Last month, a linga was found in the wooded side of the hill at Phnom Bakheng, about 30 meters from the visitor path. A linga is a phallic symbol incarnation of the Hindu god Shiva: Phnom Bakheng, built between ninth and tenth centuries, was originally dedicated to Shiva. Stone sculptures, either lingas or divine statues, would have been installed in each of the 109 shrines of the temple.

Since the beginning of the restoration work in 2008, this is the fifth linga found.

In the Khmer Kingdom, Hinduism and Buddhism eventually coexisted and interchanged, with some temples changing in dedication depending on the belief of the king. Jayarman VII, who ruled from 1181 to 1218, was a fervent Mahayana Buddhist and Phnom Bakheng consequently underwent transformations. It is likely that during his reign the lingas were removed from their location and replaced with sculptures more representative of this cult (as proven by archaeological excavations carried out at site).

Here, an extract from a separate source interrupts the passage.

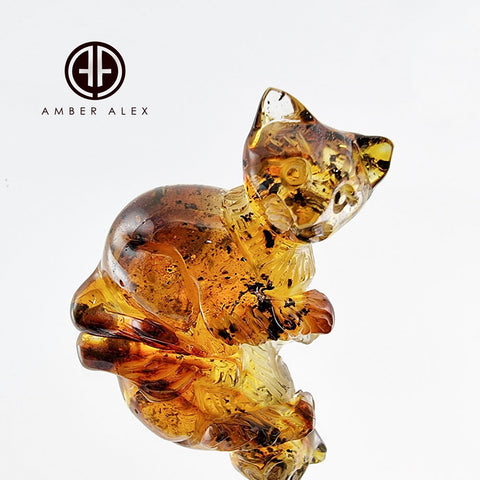 Fossil Amber Carved Cat Figurine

In the sixteenth century, the temple was completely transformed following the conversion to Theravada Buddhism. It is not clear, however, exactly when the lingas were scattered down the hill.

As for the linga just recovered, which is about 90 centimeters high, with a diameter of 29 centimeters, it is still hard to identify its original location. It could have been installed either in a brick shrine or a stone shrine. Further studies will have to be carried out to ascertain this, starting from a comparison between its diameter and the size of the pedestals still at site.